## What you will do
The result should be the line with "Kenzie G top pornstar gallery" followed by every remaining line of the entries, each reproduced exactly, with nothing else.

Records excerpted from a collection
>>>

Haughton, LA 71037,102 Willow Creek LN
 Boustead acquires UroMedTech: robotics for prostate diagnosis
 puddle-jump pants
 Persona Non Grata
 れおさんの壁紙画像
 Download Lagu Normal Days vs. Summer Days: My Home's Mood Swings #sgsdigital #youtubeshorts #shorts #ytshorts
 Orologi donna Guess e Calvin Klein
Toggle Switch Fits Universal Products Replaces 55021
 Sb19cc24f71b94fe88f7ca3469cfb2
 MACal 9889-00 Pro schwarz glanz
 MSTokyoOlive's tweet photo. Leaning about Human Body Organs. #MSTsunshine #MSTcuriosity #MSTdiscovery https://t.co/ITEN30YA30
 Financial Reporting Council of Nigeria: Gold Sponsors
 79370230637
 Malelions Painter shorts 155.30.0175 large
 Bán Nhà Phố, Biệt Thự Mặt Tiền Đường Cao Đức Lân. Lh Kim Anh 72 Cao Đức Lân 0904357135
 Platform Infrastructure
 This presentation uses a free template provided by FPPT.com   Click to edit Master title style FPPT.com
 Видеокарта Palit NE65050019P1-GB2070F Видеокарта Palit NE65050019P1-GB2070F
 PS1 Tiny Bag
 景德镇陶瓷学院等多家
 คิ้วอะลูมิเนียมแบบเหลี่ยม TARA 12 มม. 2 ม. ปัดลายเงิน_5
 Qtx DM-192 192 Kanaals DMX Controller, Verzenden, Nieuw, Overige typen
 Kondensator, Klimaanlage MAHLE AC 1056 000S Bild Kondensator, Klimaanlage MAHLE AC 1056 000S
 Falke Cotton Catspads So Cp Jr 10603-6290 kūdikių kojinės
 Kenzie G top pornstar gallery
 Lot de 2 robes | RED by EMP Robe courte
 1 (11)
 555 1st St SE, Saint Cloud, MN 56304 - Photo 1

<<<

## Answer space
 Kenzie G top pornstar gallery
 Lot de 2 robes | RED by EMP Robe courte
 1 (11)
 555 1st St SE, Saint Cloud, MN 56304 - Photo 1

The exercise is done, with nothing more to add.